3469. Find Minimum Cost to Remove Array Elements

Medium

You are given an integer array nums. Your task is to remove all elements from the array by performing one of the following operations at each step until nums is empty:

• Choose any two elements from the first three elements of nums and remove them. The cost of this operation is the maximum of the two elements removed.
• If fewer than three elements remain in nums, remove all the remaining elements in a single operation. The cost of this operation is the maximum of the remaining elements.

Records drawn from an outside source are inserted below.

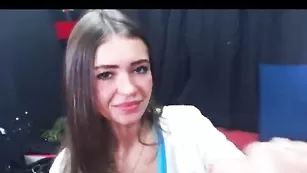 Привлекательная соска liliandlutor делает качественный минет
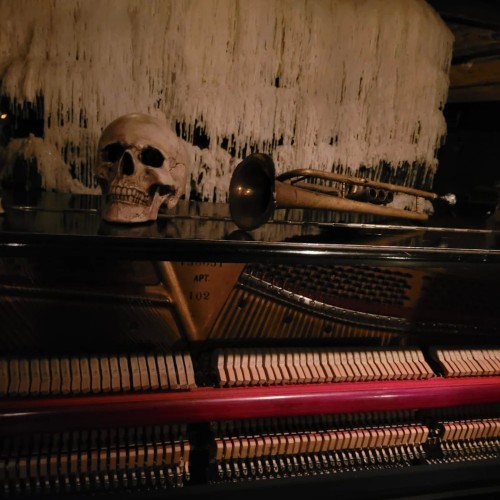 По секретным барам — на премиальном авто с панорамной крышей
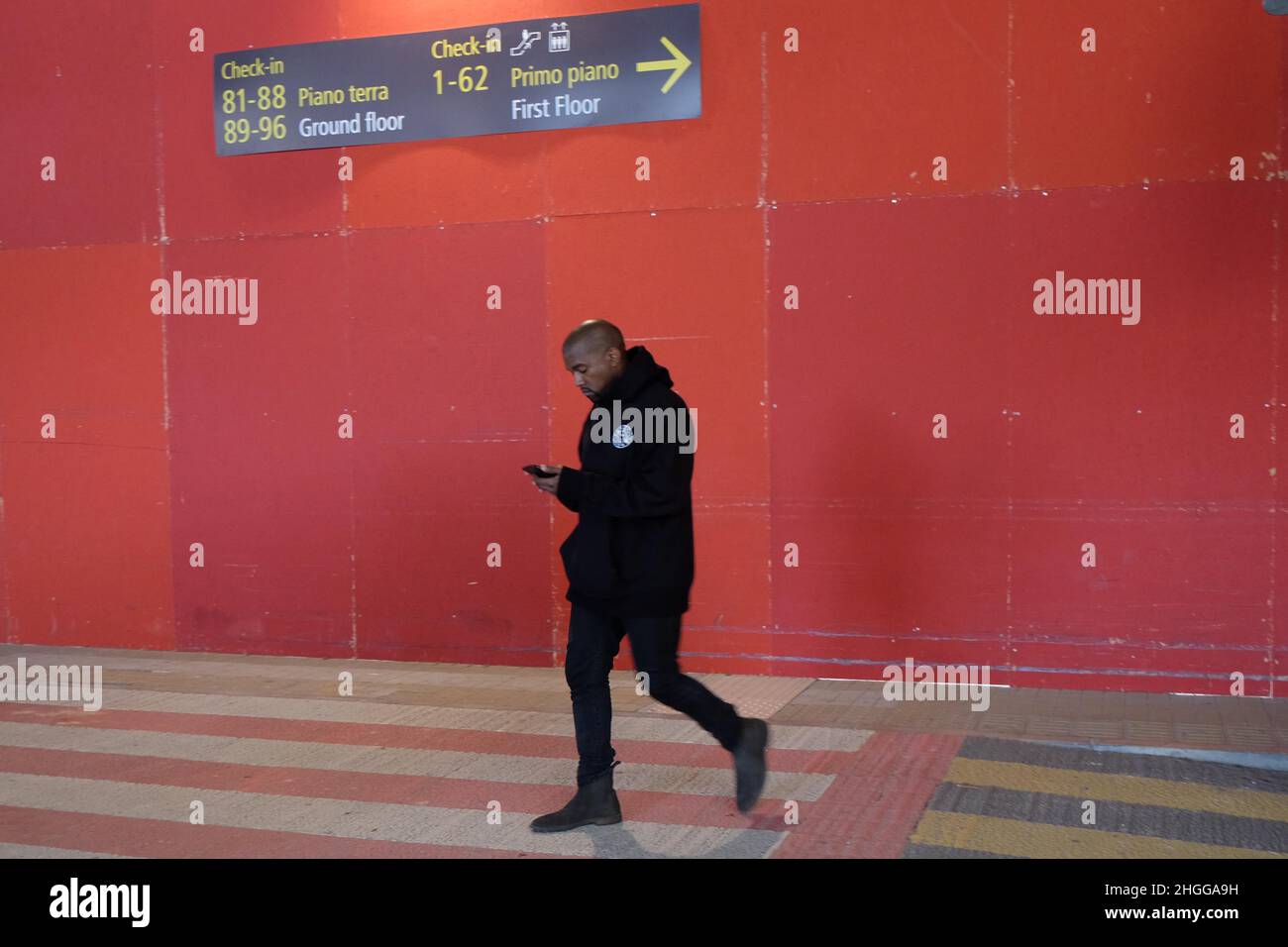 kanye West arriva all'aeroporto di Venezia Foto Stock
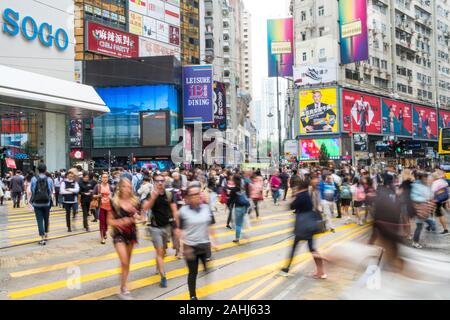 HongKong, November 2019: Street Scene, Fußgänger Straße in belebten Einkaufsviertel (Causeway Bay) Hong Kong City Stockfoto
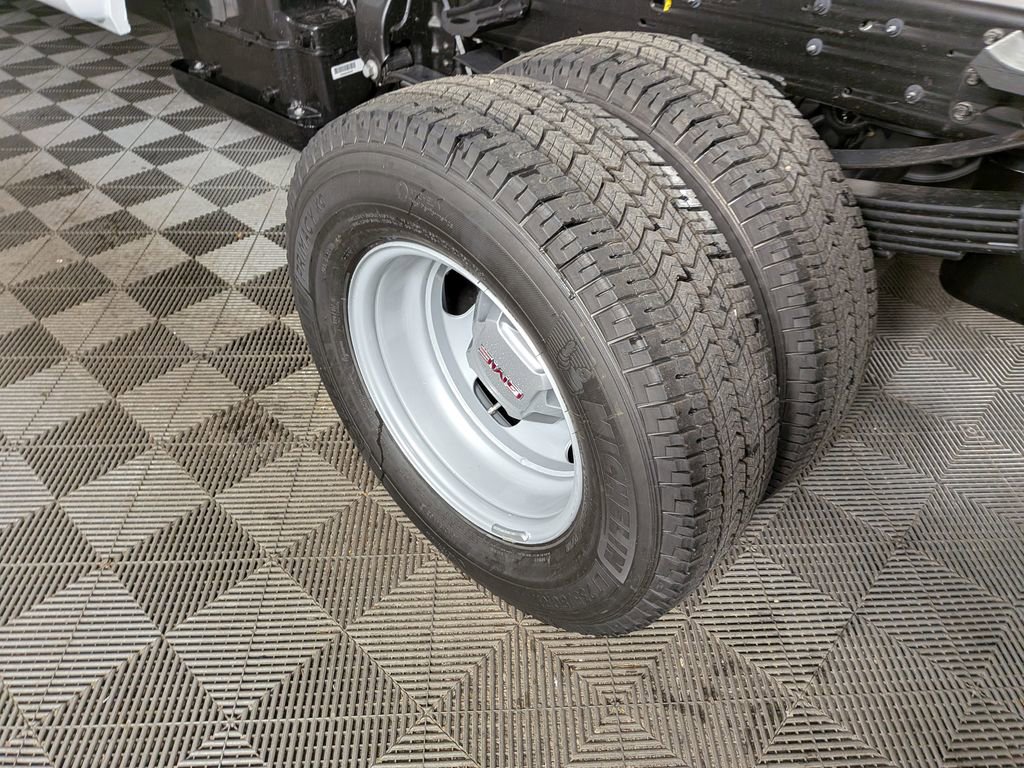 New 2026 GMC Sierra 3500 Pro w/ Convenience Package image 11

Return the minimum cost required to remove all the elements.

Example 1:

Input: nums = [6,2,8,4]

Output: 12

Explanation:

Initially, nums = [6, 2, 8, 4].

• In the first operation, remove nums[0] = 6 and nums[2] = 8 with a cost of max(6, 8) = 8. Now, nums = [2, 4].
• In the second operation, remove the remaining elements with a cost of max(2, 4) = 4.

The cost to remove all elements is 8 + 4 = 12. This is the minimum cost to remove all elements in nums. Hence, the output is 12.

Example 2:

Input: nums = [2,1,3,3]

Output: 5

Explanation:

Initially, nums = [2, 1, 3, 3].

• In the first operation, remove nums[0] = 2 and nums[1] = 1 with a cost of max(2, 1) = 2. Now, nums = [3, 3].
• In the second operation remove the remaining elements with a cost of max(3, 3) = 3.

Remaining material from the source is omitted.